Your goal: All of the data is to be restated word for word.

Stored data entries
______________________________

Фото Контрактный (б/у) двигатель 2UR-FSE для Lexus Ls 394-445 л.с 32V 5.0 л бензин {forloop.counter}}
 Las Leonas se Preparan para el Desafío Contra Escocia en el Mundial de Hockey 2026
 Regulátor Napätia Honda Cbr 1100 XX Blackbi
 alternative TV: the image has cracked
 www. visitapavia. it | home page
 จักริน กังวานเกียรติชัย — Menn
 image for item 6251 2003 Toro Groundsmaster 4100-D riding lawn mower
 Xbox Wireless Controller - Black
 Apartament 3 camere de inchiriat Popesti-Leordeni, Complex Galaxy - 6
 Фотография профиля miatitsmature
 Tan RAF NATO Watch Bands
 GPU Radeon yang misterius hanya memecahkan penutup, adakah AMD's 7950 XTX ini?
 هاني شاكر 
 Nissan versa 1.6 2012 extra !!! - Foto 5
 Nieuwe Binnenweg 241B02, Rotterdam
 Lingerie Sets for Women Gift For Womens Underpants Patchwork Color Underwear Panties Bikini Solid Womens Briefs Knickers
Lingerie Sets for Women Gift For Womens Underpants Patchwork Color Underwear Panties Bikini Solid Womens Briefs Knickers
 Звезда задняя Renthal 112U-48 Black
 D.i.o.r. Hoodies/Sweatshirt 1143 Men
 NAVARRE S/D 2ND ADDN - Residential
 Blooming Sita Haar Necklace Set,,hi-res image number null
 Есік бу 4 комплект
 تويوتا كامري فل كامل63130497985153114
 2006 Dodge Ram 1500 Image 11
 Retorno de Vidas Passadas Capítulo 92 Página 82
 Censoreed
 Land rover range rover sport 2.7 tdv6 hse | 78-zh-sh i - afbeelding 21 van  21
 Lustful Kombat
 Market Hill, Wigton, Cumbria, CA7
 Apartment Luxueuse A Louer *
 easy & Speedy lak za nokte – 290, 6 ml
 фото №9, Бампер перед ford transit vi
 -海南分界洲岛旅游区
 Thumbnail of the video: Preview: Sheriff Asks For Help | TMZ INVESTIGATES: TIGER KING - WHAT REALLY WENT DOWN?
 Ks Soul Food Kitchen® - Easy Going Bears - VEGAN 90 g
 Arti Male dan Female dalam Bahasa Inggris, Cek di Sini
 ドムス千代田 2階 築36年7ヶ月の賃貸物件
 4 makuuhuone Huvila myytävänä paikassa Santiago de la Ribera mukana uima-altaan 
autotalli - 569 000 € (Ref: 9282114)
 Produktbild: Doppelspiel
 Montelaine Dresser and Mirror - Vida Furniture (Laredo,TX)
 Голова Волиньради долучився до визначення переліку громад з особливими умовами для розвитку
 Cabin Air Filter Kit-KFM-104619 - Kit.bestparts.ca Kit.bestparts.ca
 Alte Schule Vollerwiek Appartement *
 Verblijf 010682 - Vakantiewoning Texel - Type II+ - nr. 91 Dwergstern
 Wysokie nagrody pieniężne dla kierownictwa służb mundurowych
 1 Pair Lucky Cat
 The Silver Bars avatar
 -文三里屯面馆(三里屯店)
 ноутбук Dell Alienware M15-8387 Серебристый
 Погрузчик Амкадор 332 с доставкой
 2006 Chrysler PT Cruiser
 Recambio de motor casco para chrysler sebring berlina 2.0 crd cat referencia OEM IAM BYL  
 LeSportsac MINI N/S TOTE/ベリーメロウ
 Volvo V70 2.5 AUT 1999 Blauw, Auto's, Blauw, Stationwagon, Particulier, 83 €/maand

______________________________

Solution to this problem:
Фото Контрактный (б/у) двигатель 2UR-FSE для Lexus Ls 394-445 л.с 32V 5.0 л бензин {forloop.counter}}
 Las Leonas se Preparan para el Desafío Contra Escocia en el Mundial de Hockey 2026
 Regulátor Napätia Honda Cbr 1100 XX Blackbi
 alternative TV: the image has cracked
 www. visitapavia. it | home page
 จักริน กังวานเกียรติชัย — Menn
 image for item 6251 2003 Toro Groundsmaster 4100-D riding lawn mower
 Xbox Wireless Controller - Black
 Apartament 3 camere de inchiriat Popesti-Leordeni, Complex Galaxy - 6
 Фотография профиля miatitsmature
 Tan RAF NATO Watch Bands
 GPU Radeon yang misterius hanya memecahkan penutup, adakah AMD's 7950 XTX ini?
 هاني شاكر 
 Nissan versa 1.6 2012 extra !!! - Foto 5
 Nieuwe Binnenweg 241B02, Rotterdam
 Lingerie Sets for Women Gift For Womens Underpants Patchwork Color Underwear Panties Bikini Solid Womens Briefs Knickers
Lingerie Sets for Women Gift For Womens Underpants Patchwork Color Underwear Panties Bikini Solid Womens Briefs Knickers
 Звезда задняя Renthal 112U-48 Black
 D.i.o.r. Hoodies/Sweatshirt 1143 Men
 NAVARRE S/D 2ND ADDN - Residential
 Blooming Sita Haar Necklace Set,,hi-res image number null
 Есік бу 4 комплект
 تويوتا كامري فل كامل63130497985153114
 2006 Dodge Ram 1500 Image 11
 Retorno de Vidas Passadas Capítulo 92 Página 82
 Censoreed
 Land rover range rover sport 2.7 tdv6 hse | 78-zh-sh i - afbeelding 21 van  21
 Lustful Kombat
 Market Hill, Wigton, Cumbria, CA7
 Apartment Luxueuse A Louer *
 easy & Speedy lak za nokte – 290, 6 ml
 фото №9, Бампер перед ford transit vi
 -海南分界洲岛旅游区
 Thumbnail of the video: Preview: Sheriff Asks For Help | TMZ INVESTIGATES: TIGER KING - WHAT REALLY WENT DOWN?
 Ks Soul Food Kitchen® - Easy Going Bears - VEGAN 90 g
 Arti Male dan Female dalam Bahasa Inggris, Cek di Sini
 ドムス千代田 2階 築36年7ヶ月の賃貸物件
 4 makuuhuone Huvila myytävänä paikassa Santiago de la Ribera mukana uima-altaan 
autotalli - 569 000 € (Ref: 9282114)
 Produktbild: Doppelspiel
 Montelaine Dresser and Mirror - Vida Furniture (Laredo,TX)
 Голова Волиньради долучився до визначення переліку громад з особливими умовами для розвитку
 Cabin Air Filter Kit-KFM-104619 - Kit.bestparts.ca Kit.bestparts.ca
 Alte Schule Vollerwiek Appartement *
 Verblijf 010682 - Vakantiewoning Texel - Type II+ - nr. 91 Dwergstern
 Wysokie nagrody pieniężne dla kierownictwa służb mundurowych
 1 Pair Lucky Cat
 The Silver Bars avatar
 -文三里屯面馆(三里屯店)
 ноутбук Dell Alienware M15-8387 Серебристый
 Погрузчик Амкадор 332 с доставкой
 2006 Chrysler PT Cruiser
 Recambio de motor casco para chrysler sebring berlina 2.0 crd cat referencia OEM IAM BYL  
 LeSportsac MINI N/S TOTE/ベリーメロウ
 Volvo V70 2.5 AUT 1999 Blauw, Auto's, Blauw, Stationwagon, Particulier, 83 €/maand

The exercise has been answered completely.